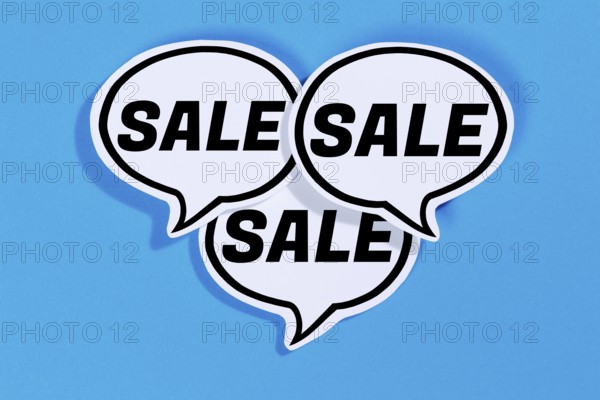 Sale offer when shopping in speech bubbles Communication business concept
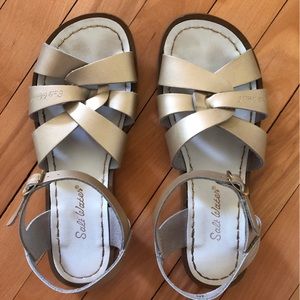 Womens Saltwater Sandals size 7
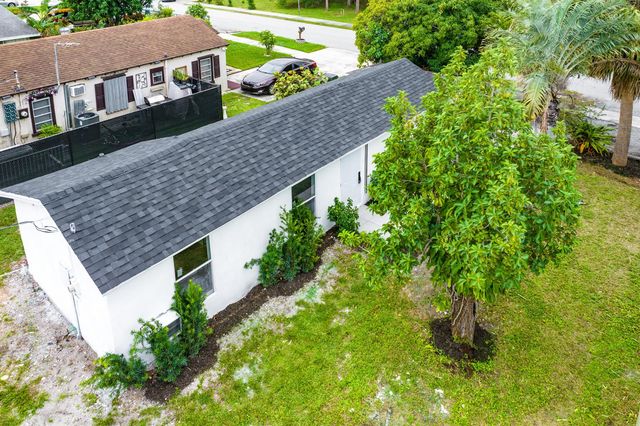 107 SW 4TH Avenue, Delray Beach, FL 33444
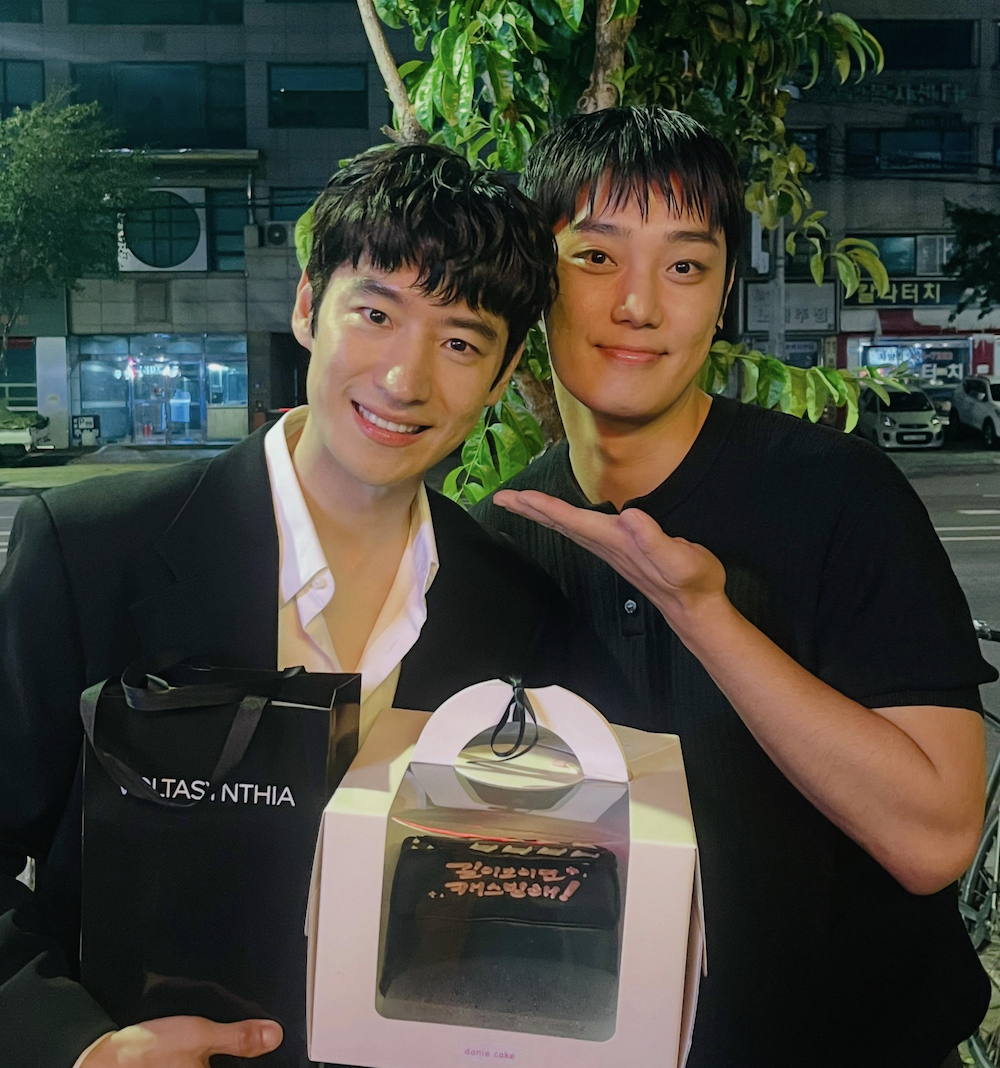 유태주 이제훈 숏드라마 촬영 후 함께 찍은 인증 사진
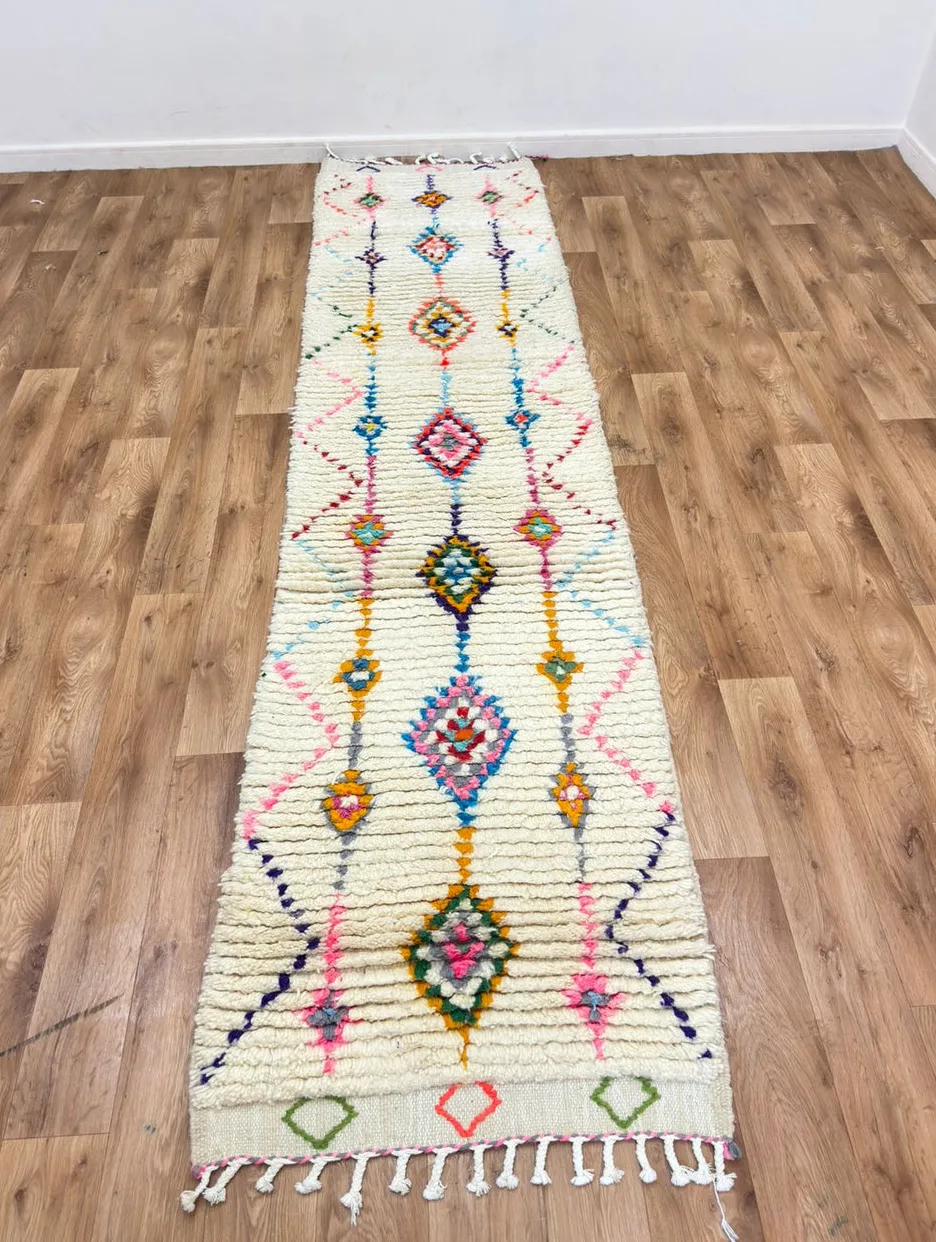 Tapis de couloir berbère Itzer multicolore — tapis berbères contemporains tissé à la main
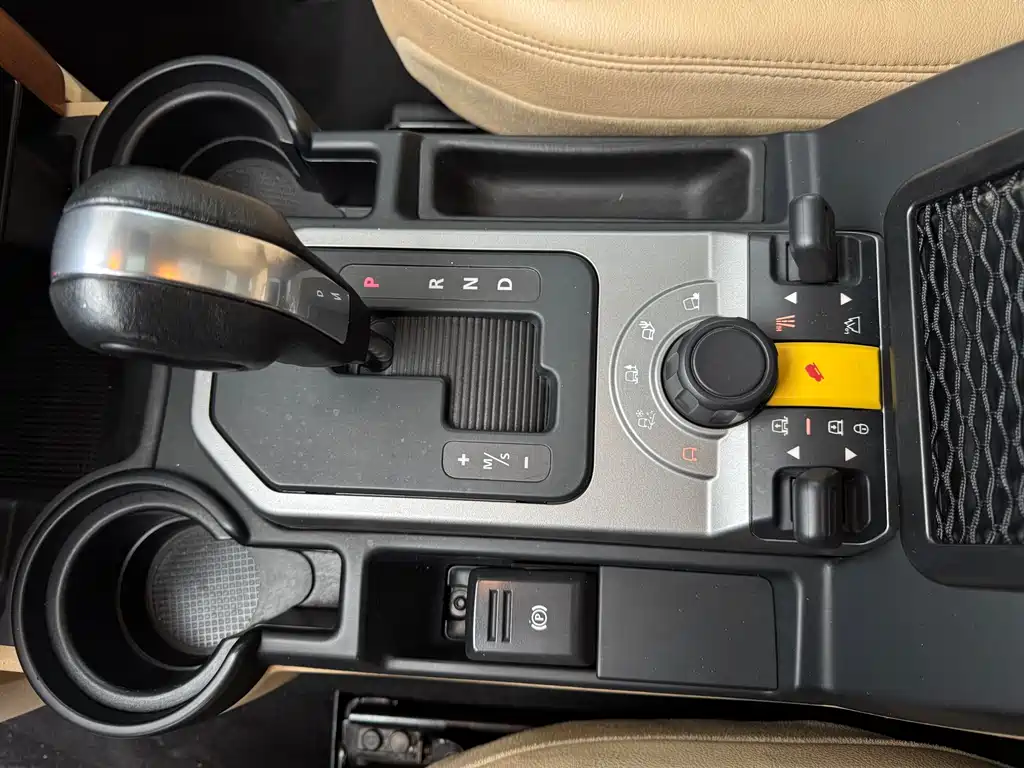 Land Rover Discovery 2008 — фото 10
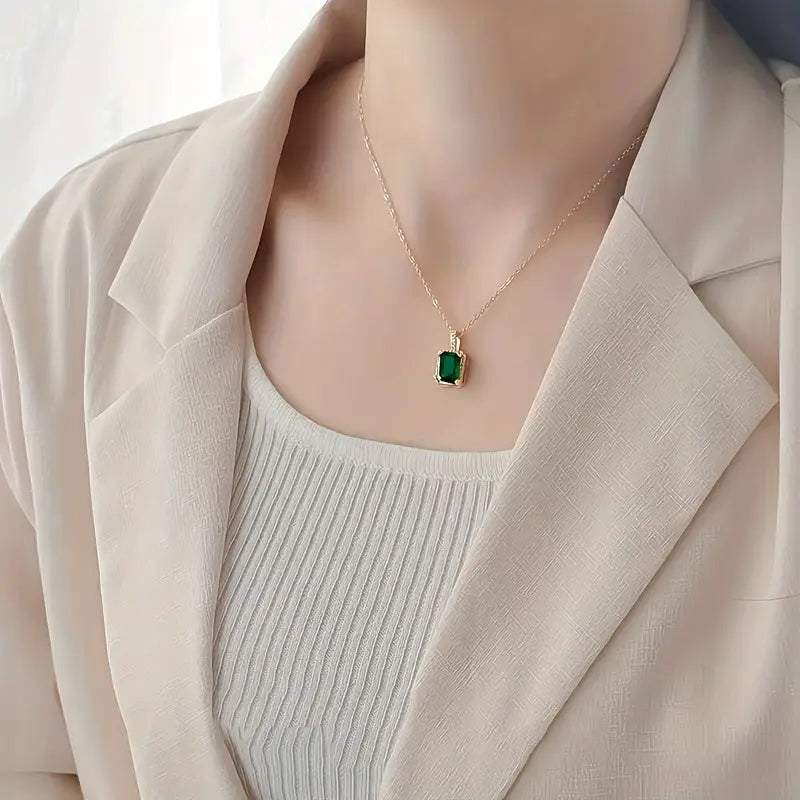 Emerald-Green Halo Pendant Gold Necklace – view 3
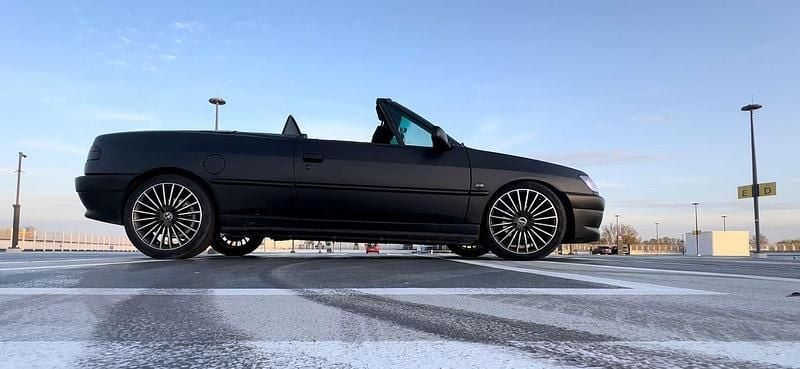 Zwart Gebruikt 2000 Peugeot 306 Cabriolet Cabriolet | € 1.900 - Afbeelding 1/4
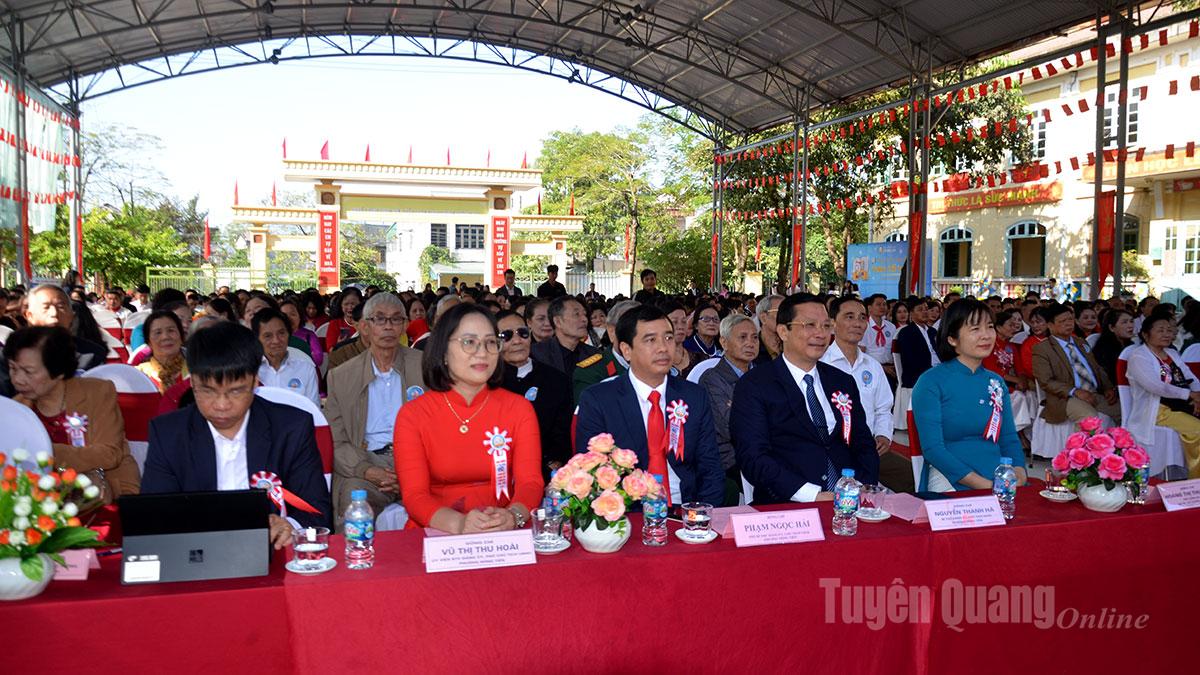 Các đại biểu dự lễ kỷ niệm 60 năm thành lập Trường THCS Tràng Đà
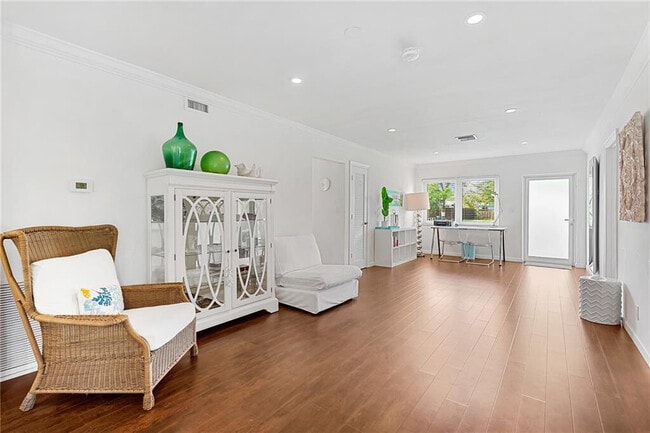 Building Photo - 2360 NE 15th Terrace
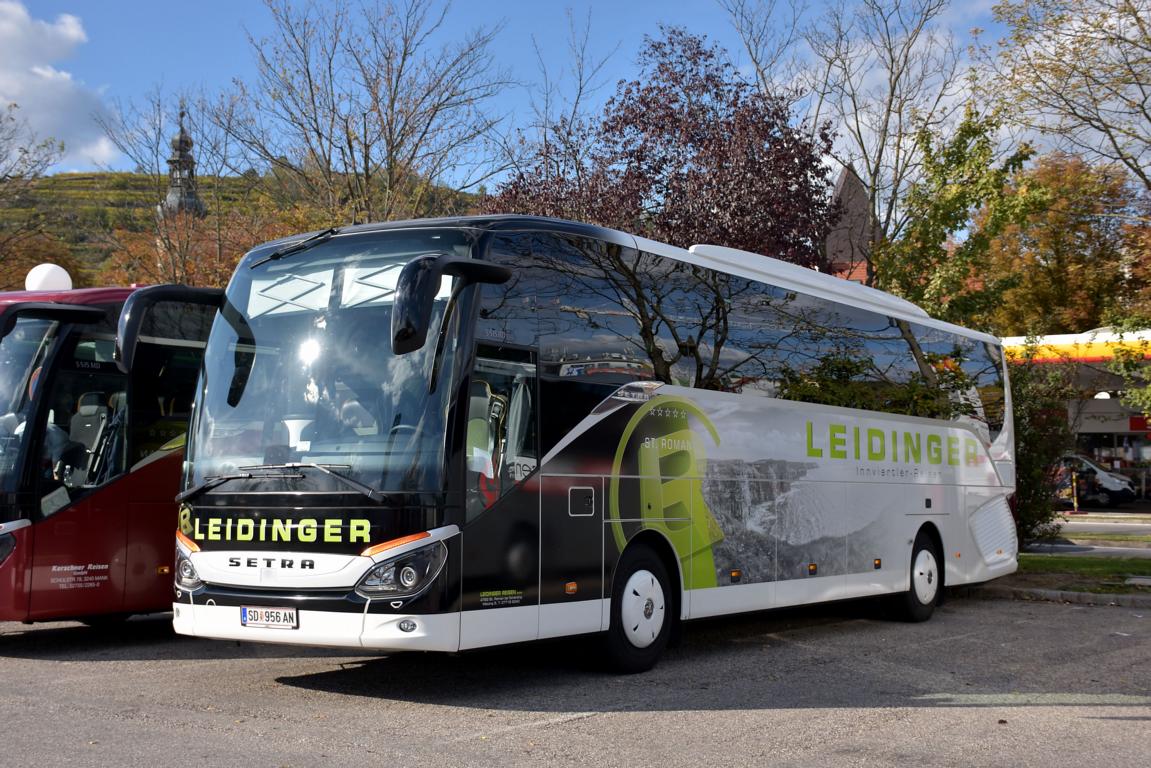 Setra 515 HD von Leidinger Reisen aus sterreich 10/2017 in Krems.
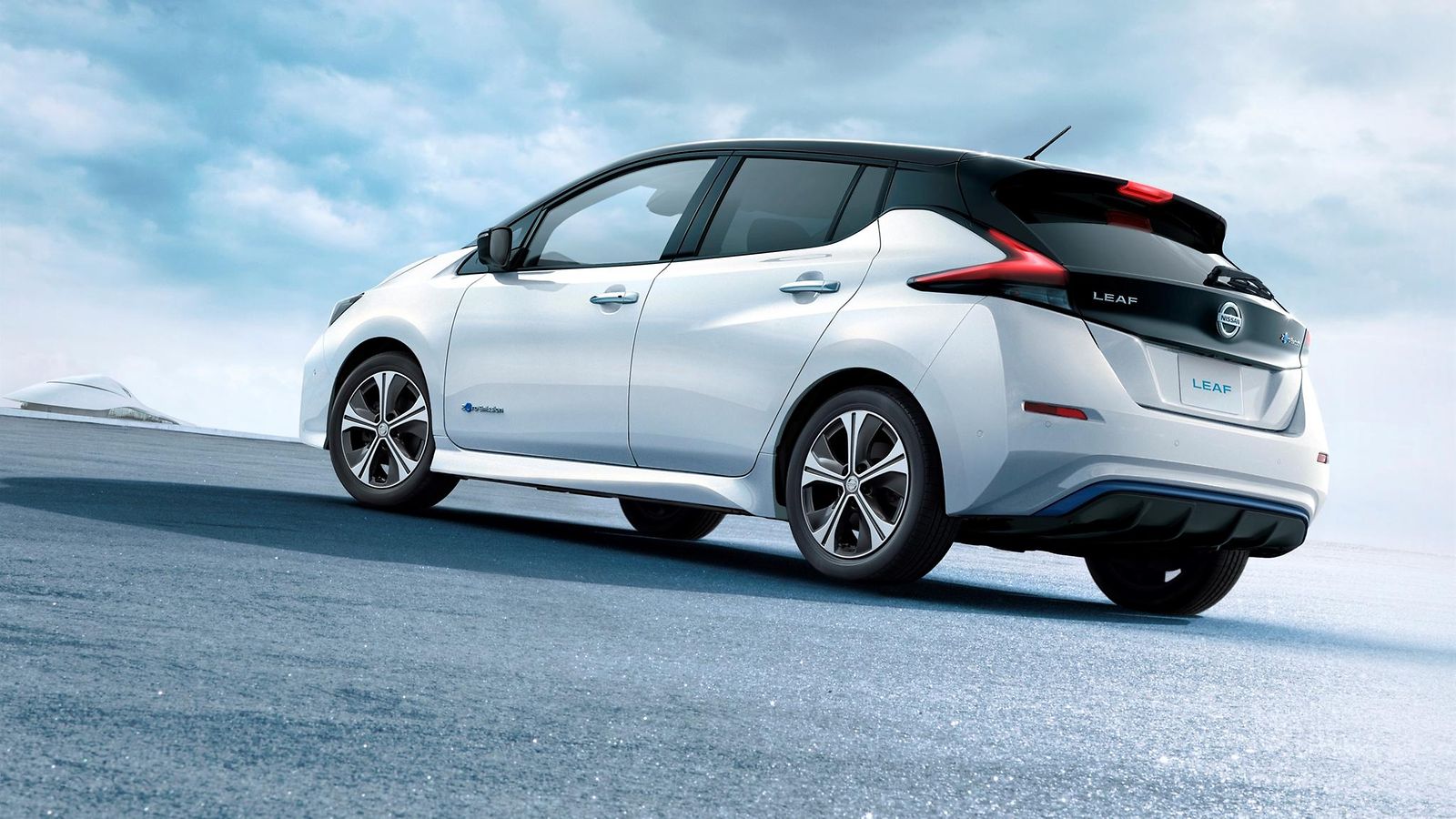 nissan leaf 2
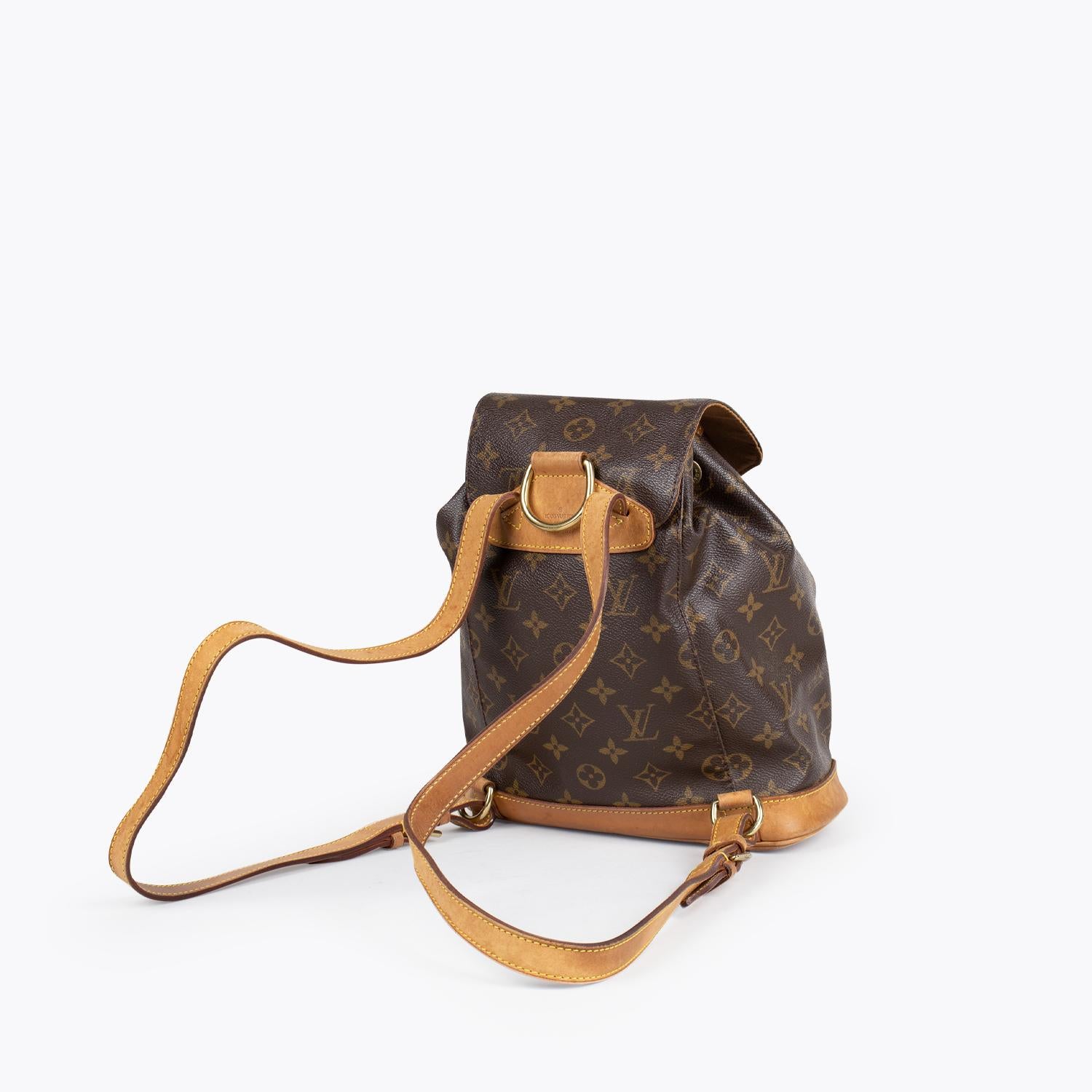 Louis Vuitton Montsouris MM Backpack In Good Condition In Sundbyberg, SE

..........

= YOUR TASK =
Leave out the pictures, and please output only the lines from the line that contains "Setra 515 HD" through the end of the data, both ends included.

= FINAL ANSWER =
 Setra 515 HD von Leidinger Reisen aus sterreich 10/2017 in Krems.
 nissan leaf 2
 Louis Vuitton Montsouris MM Backpack In Good Condition In Sundbyberg, SE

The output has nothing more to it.